Beyond questions about possible inherited health conditions, if you love your adoptive parents, why would you search for “the originals”? We need to know about our parents to fully realize ourselves. I found myself trying to explain this recently. The next day, to my astonishment, along came a movie that explained it far better than I could.
My friend Nan (not her real name) and I found ourselves both shopping at Trader Joe’s and the conversation fell to writing. She finished her first novel and it was with a literary agent. I mentioned that my last book was The Goodbye Baby-A Diary about Adoption.
“My daughter was adopted,” Nan confided, “but she doesn’t want to find out who her birthparents were.” I expressed my belief that even if an adoptee does not want to upset people or herself (or himself), it is important to meet and learn about birthparents. Parents, originals or adoptive, can become “late” in the blink of an eye, and when they are gone, they will be gone forever. Having lost both my birth parents and my adoptive mom and dad, I know this all too well.
It makes sense to meet the parents, to know where you started out, to overcome inhibitions or old wounds and to adjust to whatever circumstances decided your fate. (As opposed to wishing for what might have been.)
Right after my encounter with Nan, I saw the movie “Philomena.” The movie is based on Martin Sixsmith’s account of a true story. Played by Judi Dench, Philomena is an Irish teenager who got pregnant out of wedlock. She was sent to live with nuns. The 16-year-old is forced to work and allowed, as were all the unwed mothers at the Abbey, to see her son for a mere hour a day. Without warning, the son is adopted (actually, sold) to a wealthy American couple. Fifty years later, she longs to find him. She meets Sixsmith (played by Steve Coogan) and through a series of events ends up being the topic of Sixsmith’s journalism assignment: a human interest story based on the birthmother’s story.

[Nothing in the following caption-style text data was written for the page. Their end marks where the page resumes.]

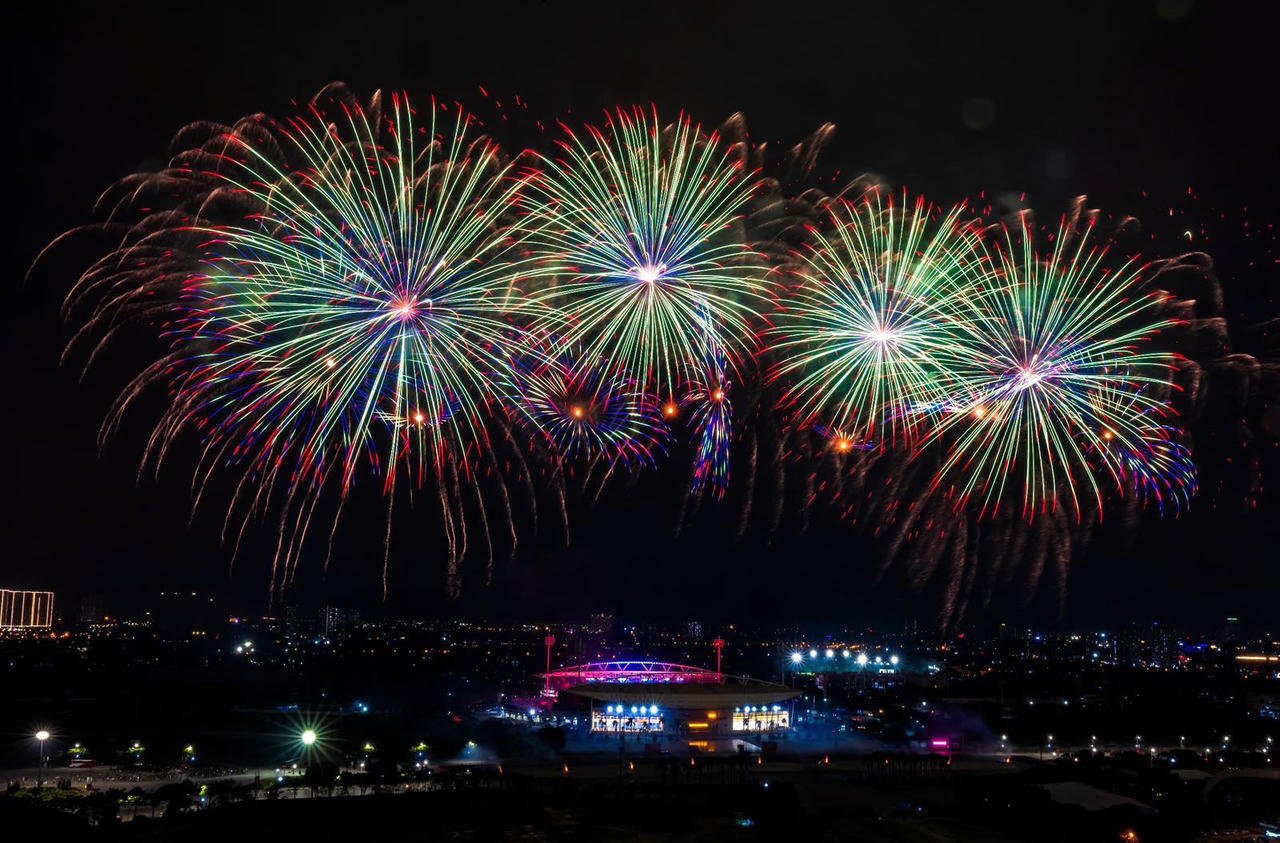 Những khoảnh khắc mãn nhãn đêm tổng duyệt pháo hoa nghệ thuật trên sân vận động Mỹ Đình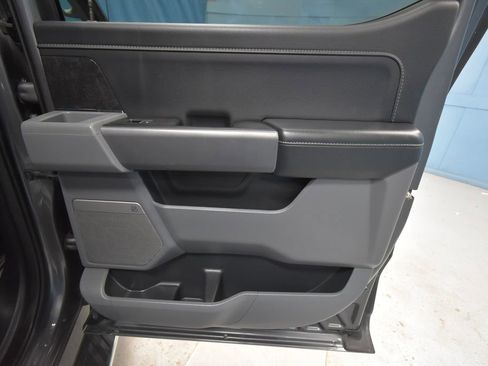 Used 2022 Ford F150 XLT w/ Equipment Group 302A High image 27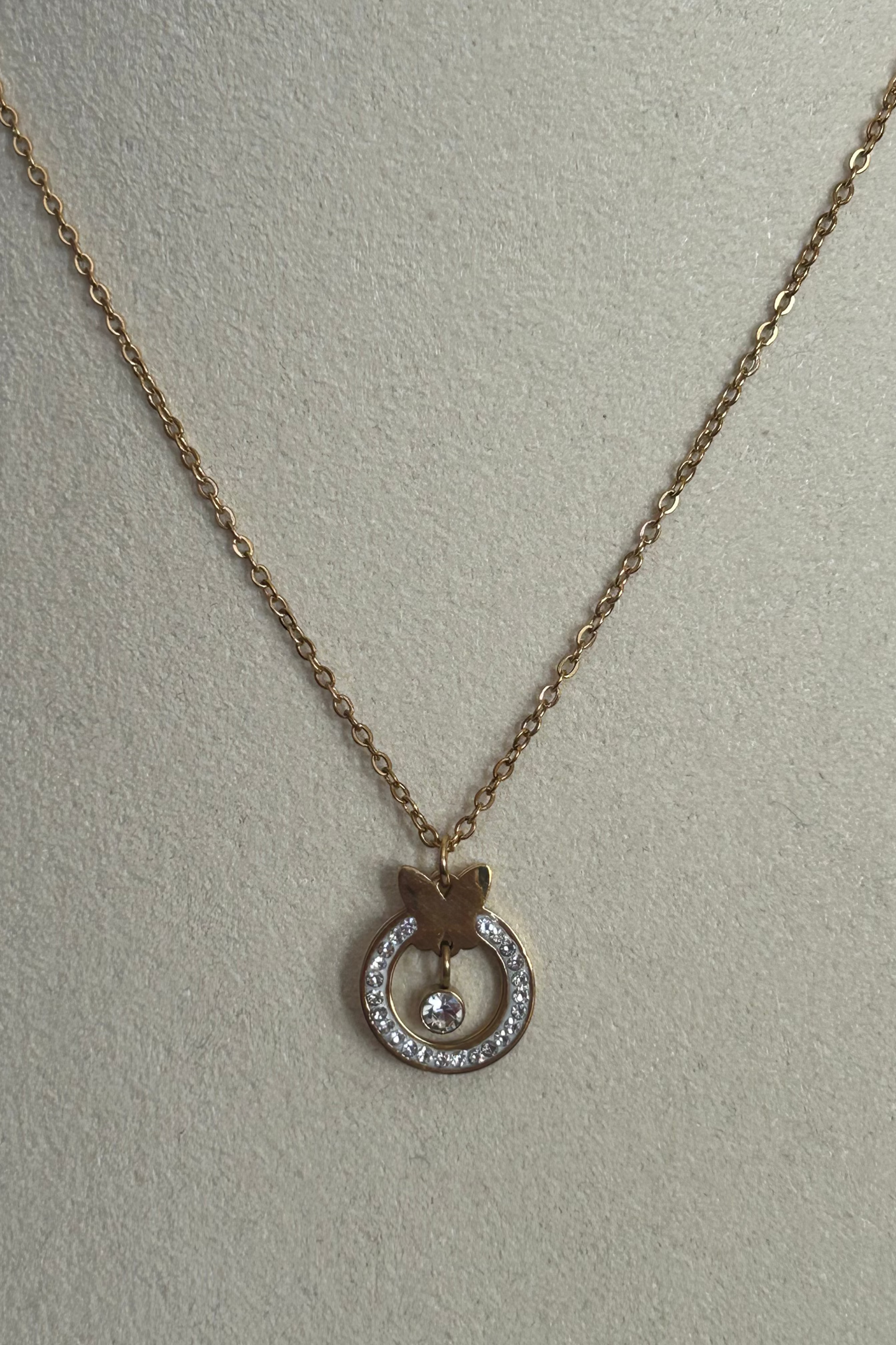 Stalen ketting met vlinderhanger en met stras bezette cirkel|Beautiva Boutique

The two comprise a very odd couple as Sixsmith joins Philomena in a journey to America to locate the son she hopes to find. It turns out that the quest is too late. To not give everything away, I’ll say simply that you must see the movie to learn why. Philomena’s expression of profound grief at the end conveys a powerful message: Do not wait.
I hope my friend and her daughter will go to see this amazing portrayal of a true adoption story. Perhaps it will lead the daughter will change her mind about searching for her birthmother. That said, Philomena should be a must-see for adoptees, birth parents, adoptive parents, and anyone who enjoys a wonderful, beautifully-crafted film.